Growing up in Montauk, surrounded by the ocean and being able to surf after school every day (sometimes before school), was literally a dream come true for me. I chased waves out to Southern California for college, where I scratched that itch and surfed pretty much every day- but Montauk was always calling me home and soon after I graduated, I found myself right back here.
I found an old ice house on Fort Pond Bay and started hand-printing T-shirts the summer I turned 23. At first, it was a way to combine the two things I loved most: art and surfing. I wasn't trying to build a brand, I just wanted to make things that felt like home, that my friends wanted to wear, and that could put a couple dollars in my pocket to chase waves around the globe during the winter months.
People ask all the time how Whalebone came to be and I guess in a weird way, the answer is surfing.
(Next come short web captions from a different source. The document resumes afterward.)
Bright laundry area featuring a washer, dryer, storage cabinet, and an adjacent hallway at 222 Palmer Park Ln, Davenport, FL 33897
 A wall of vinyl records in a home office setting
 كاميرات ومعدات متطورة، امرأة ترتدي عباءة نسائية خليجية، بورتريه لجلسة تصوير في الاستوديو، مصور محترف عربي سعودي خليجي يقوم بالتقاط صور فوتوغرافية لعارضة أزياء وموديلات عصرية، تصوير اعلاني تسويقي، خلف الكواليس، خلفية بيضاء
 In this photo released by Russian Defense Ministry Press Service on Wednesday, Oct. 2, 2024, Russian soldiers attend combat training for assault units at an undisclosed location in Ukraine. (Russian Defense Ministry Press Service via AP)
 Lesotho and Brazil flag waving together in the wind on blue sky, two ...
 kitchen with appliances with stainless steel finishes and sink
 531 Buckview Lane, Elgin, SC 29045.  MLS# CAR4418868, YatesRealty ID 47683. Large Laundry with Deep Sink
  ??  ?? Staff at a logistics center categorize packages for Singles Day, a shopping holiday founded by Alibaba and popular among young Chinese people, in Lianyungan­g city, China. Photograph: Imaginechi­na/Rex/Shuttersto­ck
There's something about being a New York surfer. The grit, the elements, the inconsistency... it makes the anticipation of a good swell that much more exciting. You wait for it. You earn it. And when it finally shows up, you appreciate it in a different way.
Surfing is a major through-line in the Montauk community, as it is in many coastal communities. There are all kinds of people out here with different backgrounds and opinions, but one thing many seem to have in common is surfing. It's something that brings people together and out here that's always been the case.
Chasing waves has shaped far more than the way I spend my mornings. It's shaped the way we've built Whalebone from the very beginning.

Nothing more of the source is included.